Re: Improving connection scalability: GetSnapshotData()

From: Andres Freund <andres(at)anarazel(dot)de>
To: PostgreSQL Hackers <pgsql-hackers(at)postgresql(dot)org>
Cc: Peter Geoghegan <pg(at)bowt(dot)ie>, Alexander Korotkov <a(dot)korotkov(at)postgrespro(dot)ru>, Alvaro Herrera <alvherre(at)2ndquadrant(dot)com>, Jonathan Katz <jkatz(at)postgresql(dot)org>, Bruce Momjian <bruce(at)momjian(dot)us>, Thomas Munro <thomas(dot)munro(at)gmail(dot)com>, David Rowley <dgrowleyml(at)gmail(dot)com>
Subject: Re: Improving connection scalability: GetSnapshotData()
Date: 2020-04-07 12:15:03
Message-ID: 20200407121503.zltbpqmdesurflnm@alap3.anarazel.de
Views: Raw Message | Whole Thread | Download mbox | Resend email
Thread:
Lists: pgsql-hackers

Hi,

SEE BELOW: What, and what not, to do for v13.
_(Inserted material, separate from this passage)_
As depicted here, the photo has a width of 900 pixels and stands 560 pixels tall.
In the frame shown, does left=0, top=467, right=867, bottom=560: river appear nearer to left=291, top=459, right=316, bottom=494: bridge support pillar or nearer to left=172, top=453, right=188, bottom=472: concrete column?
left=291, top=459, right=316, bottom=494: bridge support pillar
Attached is a substantially polished version of my patches. Note that
the first three patches, as well as the last, are not intended to be
committed at this time / in this form - they're there to make testing
easier.

There is a lot of polish, but also a few substantial changes:

- To be compatible with old_snapshot_threshold I've revised the way
heap_page_prune_opt() deals with old_snapshot_threshold. Now
old_snapshot_threshold is only applied when we otherwise would have
been unable to prune (both at the time of the pd_prune_xid check, and
on individual tuples). This makes old_snapshot_threshold considerably
cheaper and cause less conflicts.

This required adding a version of HeapTupleSatisfiesVacuum that
returns the horizon, rather than doing the horizon test itself; that
way we can first test a tuple's horizon against the normal approximate
threshold (making it an accurate threshold if needed) and only if that
fails fall back to old_snapshot_threshold.
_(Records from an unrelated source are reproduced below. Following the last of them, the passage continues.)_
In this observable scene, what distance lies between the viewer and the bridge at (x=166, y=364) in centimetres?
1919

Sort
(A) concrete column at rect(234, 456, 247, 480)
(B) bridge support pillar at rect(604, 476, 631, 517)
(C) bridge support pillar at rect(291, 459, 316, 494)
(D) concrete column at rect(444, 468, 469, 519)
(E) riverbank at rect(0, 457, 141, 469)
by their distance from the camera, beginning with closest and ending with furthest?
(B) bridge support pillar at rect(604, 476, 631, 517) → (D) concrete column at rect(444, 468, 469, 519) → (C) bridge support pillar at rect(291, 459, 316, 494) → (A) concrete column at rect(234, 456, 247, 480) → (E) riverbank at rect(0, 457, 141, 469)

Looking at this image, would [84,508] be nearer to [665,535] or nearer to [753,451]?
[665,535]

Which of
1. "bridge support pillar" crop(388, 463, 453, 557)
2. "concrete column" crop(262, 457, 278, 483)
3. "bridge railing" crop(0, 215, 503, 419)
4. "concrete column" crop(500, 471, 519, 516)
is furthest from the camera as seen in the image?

The main reason here was not to improve old_snapshot_threshold, but to
avoid a regression when its being used. Because we need a horizon to
pass to old_snapshot_threshold, we'd have to fall back to computing an
accurate horizon too often.

- Previous versions of the patch had a TODO about computing horizons not
just for one of shared / catalog / data tables, but all of them at
once. To avoid potentially needing to determine xmin horizons multiple
times within one transaction. For that I've renamed GetOldestXmin()
to ComputeTransactionHorizons() and added wrapper functions instead of
the different flag combinations we previously had for GetOldestXmin().
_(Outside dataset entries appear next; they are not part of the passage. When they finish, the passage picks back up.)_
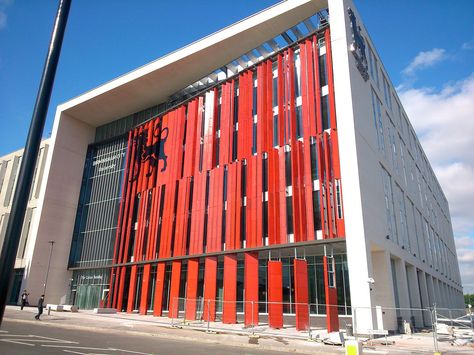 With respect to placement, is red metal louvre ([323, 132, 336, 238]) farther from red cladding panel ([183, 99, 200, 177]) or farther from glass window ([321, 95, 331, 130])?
red cladding panel ([183, 99, 200, 177])

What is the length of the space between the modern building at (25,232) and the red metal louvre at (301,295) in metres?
31.3

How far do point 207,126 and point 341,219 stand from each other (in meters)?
18.4

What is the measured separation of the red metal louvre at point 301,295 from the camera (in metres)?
24.0

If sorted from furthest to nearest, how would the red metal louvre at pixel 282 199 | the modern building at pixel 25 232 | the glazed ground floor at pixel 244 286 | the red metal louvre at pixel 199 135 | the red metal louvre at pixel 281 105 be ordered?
the modern building at pixel 25 232
the red metal louvre at pixel 199 135
the red metal louvre at pixel 281 105
the red metal louvre at pixel 282 199
the glazed ground floor at pixel 244 286

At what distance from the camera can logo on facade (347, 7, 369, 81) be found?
3017cm

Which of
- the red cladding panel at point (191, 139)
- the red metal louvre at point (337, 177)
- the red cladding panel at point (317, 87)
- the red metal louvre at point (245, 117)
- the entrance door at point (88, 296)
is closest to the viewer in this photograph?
the red metal louvre at point (337, 177)

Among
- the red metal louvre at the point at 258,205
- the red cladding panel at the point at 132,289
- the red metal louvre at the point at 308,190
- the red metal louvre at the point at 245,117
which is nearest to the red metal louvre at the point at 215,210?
the red metal louvre at the point at 245,117

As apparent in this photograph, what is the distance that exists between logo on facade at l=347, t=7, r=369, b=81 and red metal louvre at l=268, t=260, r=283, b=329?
18.3m

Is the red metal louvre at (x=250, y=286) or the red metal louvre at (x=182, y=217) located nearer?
the red metal louvre at (x=250, y=286)

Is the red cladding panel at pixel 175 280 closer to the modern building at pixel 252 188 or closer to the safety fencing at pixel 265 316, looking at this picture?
the modern building at pixel 252 188

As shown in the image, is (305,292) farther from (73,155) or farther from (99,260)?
(73,155)

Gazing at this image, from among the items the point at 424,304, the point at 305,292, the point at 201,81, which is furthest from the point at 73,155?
the point at 424,304

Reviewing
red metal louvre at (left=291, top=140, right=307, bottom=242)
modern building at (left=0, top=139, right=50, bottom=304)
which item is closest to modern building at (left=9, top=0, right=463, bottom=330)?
red metal louvre at (left=291, top=140, right=307, bottom=242)

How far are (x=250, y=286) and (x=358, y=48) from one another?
22237 millimetres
This allows us to get rid of the PROCARRAY_* flags, and PROC_RESERVED.

- To address Thomas' review comment about not accessing nextFullXid
without xidGenLock, I made latestCompletedXid a FullTransactionId (a
fxid is needed to be able to infer 64bit xids for the horizons -
otherwise there is some danger they could wrap).

- Improving the comment around the snapshot caching, I decided that the
justification for correctness around not taking ProcArrayLock is too
complicated (in particular around setting MyProc->xmin). While
avoiding ProcArrayLock alltogether is a substantial gain, the caching
itself helps a lot already. Seems best to leave that for a later step.

This means that the numbers for the very high connection counts aren't
quite as good.

- Plenty of small changes to address issues I found while
benchmarking. The only one of real note is that I had released
XidGenLock after ProcArrayLock in ProcArrayAdd/Remove. For 2pc that
causes noticable unnecessary contention, because we'll wait for
XidGenLock while holding ProcArrayLock...

I think this is pretty close to being committable.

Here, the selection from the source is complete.